Don Quixote: The First Novel and the First Self-Irony
"Don Quixote" by Miguel de Cervantes (1605, 1615) is generally considered the first modern novel. The hidalgo Alonso Quixano read too many chivalric romances and imagined himself a knight. He sees giants where there are windmills; a beautiful lady where there is a peasant girl. He lives in an imaginary world, ignoring the real one.
What is this: a satire on chivalric romances? Yes. But also—a hymn to idealism: Don Quixote is ridiculous, but he is also great. He is absolutely faithful to his values, even when reality refutes them. When he "recovers"—he dies. His "madness"—is his life.
Cervantes also created metaliterature: in the second part, Don Quixote meets people who have read the first part—and they discuss whether everything written is true.

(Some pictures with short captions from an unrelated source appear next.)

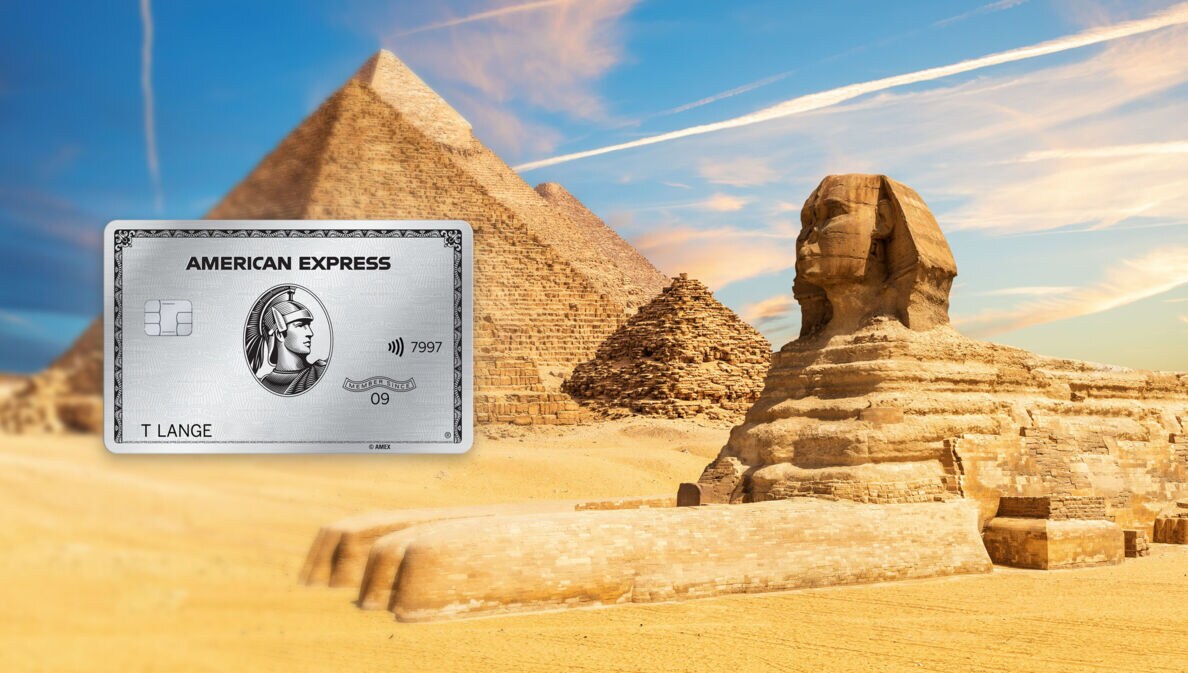 Sphinx Statue neben den Pyramiden von Gizeh in Wüstenlandschaft, im Vordergrund eine silberne Kreditkarte von American Express als Freisteller.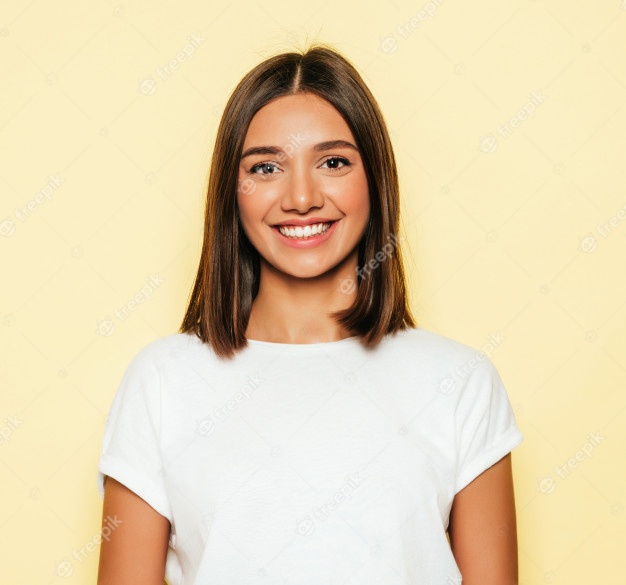 Young beautiful woman looking at camera. trendy girl in casual summer white t-shirt and jeans shorts. positive female shows facial emotions. funny model isolated on yellow Free Photo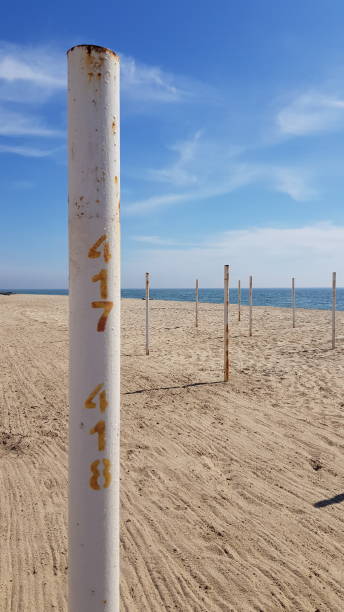 Desert beach landscape with white rusty pole and numbers on it. Minimalistic seascape. Beach with nobody. White sand and blue sea with white sky clouds above. Noon shadows on the beach. Tourism and vacation themed. Travel background.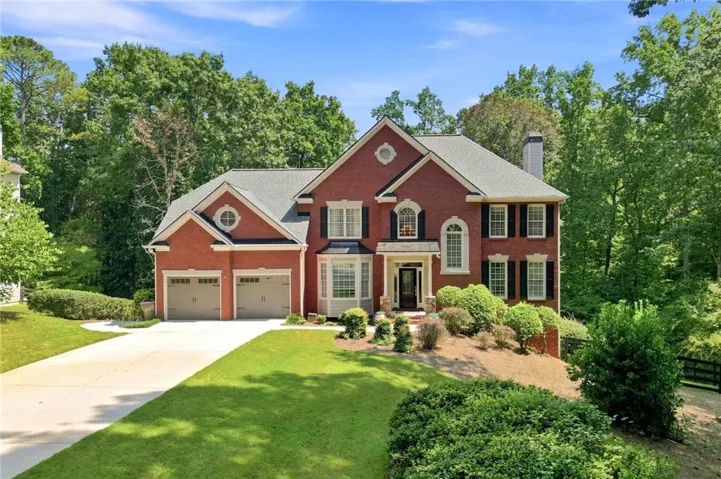 Brick exterior with a gabled roof and two-car garage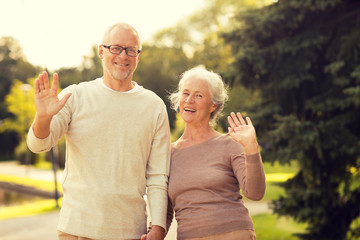 Wall Mural - senior couple hugging in city park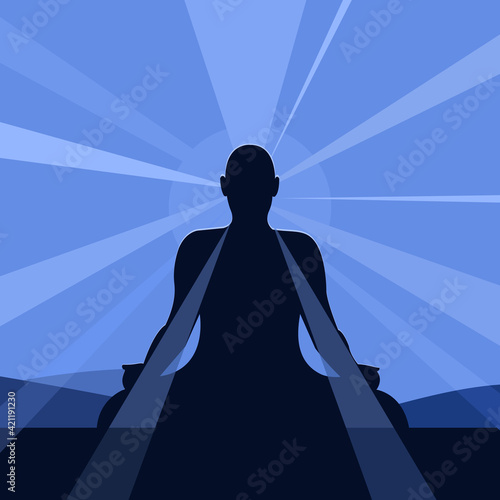 Silhouette of a person doing mediation surrounded by rays and halo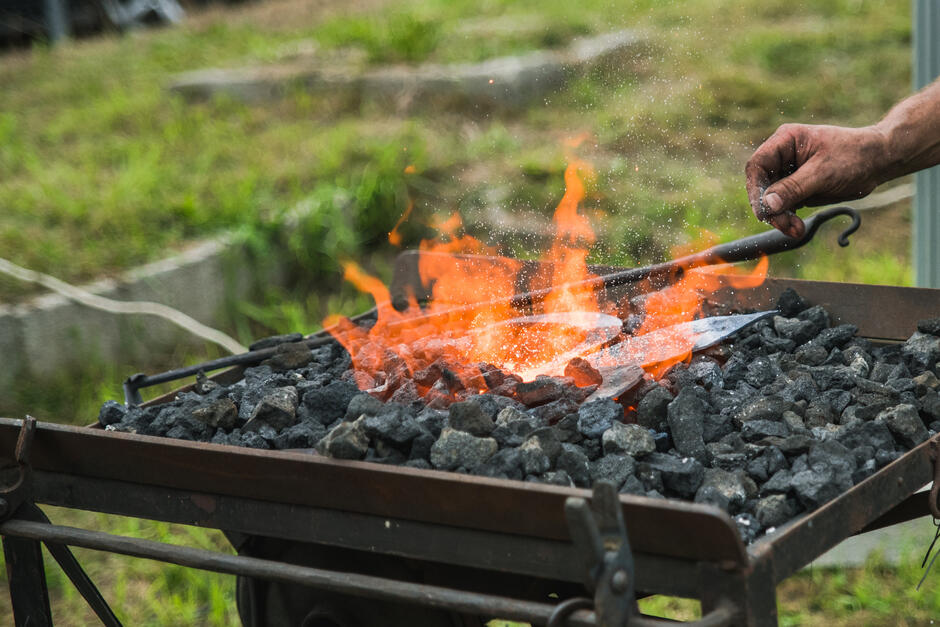 Na grillu żarzą się węgle, widać rękę, która rusza je pogrzebaczem.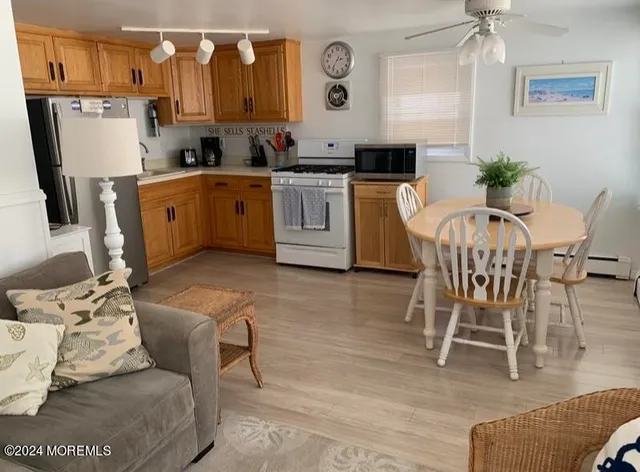 a kitchen with stainless steel appliances granite countertop a sink a stove a dining table and chairs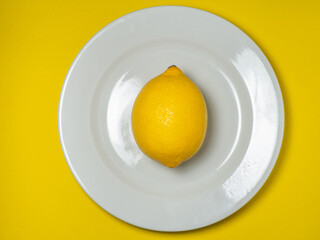 A whole lemon on a plate on a yellow background. Citrus on the table. Bright background. Healthy fortified food for a diet.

This is the first novel about a novel, the first reflection on the illusion of reality.
Tolstoy: Social Panorama and Moral Judgment
Leo Tolstoy (1828–1910) is possibly the greatest novelist of all time in terms of scale and depth. "War and Peace" (1869) and "Anna Karenina" (1878) are two different answers to one question: how should one live rightly?
"War and Peace" depicts 600 characters against the backdrop of the Napoleonic wars. Tolstoy refutes the "heroic" view of history: neither Napoleon nor Kutuzov control events—events control them. The force of history lies in millions of private decisions, not in the will of great individuals. This is direct polemics with the Hegelian and Romantic view of history.
Andrei Bolkonsky is brilliant, proud, seeking glory. Pierre Bezukhov is kind, awkward, seeking meaning. Natasha is the embodiment of life. Their paths are different answers to the question of how to live.
"Anna Karenina" is about the consequences of choices in a society that does not forgive a woman for breaking the rules. "All happy families are alike; each unhappy family is unhappy in its own way" is one of the most quoted opening sentences in the history of literature.
Kafka: Absurdity as a System
Franz Kafka (1883–1924) created an entirely new kind of literary experience—the "Kafkaesque." His world: an ordinary person finds himself in a situation that is threatening and opaque, without understandable causes and with no apparent way out. Gregor Samsa ("The Metamorphosis") wakes up as an insect; Josef K. ("The Trial") is arrested without being charged and executed at the end, never understanding why; K. ("The Castle") cannot get to the officials of the Castle, although they seem to be nearby.
Kafka described the bureaucratic machine of the twentieth century—Nazi, Soviet, corporate—with an accuracy that amazes. Absurdity for Kafka is not a metaphor, but a logically consistent system that simply does not take the individual into account.
He wanted his manuscripts to be burned. His friend Max Brod did not do so. This is one of the main "what ifs" in the history of literature.
Question for reflection: Don Quixote preferred a beautiful illusion to a cruel reality. In your professional life: how do you balance between an inspiring ideal (which may be an illusion) and sober realism (which may be blindness)?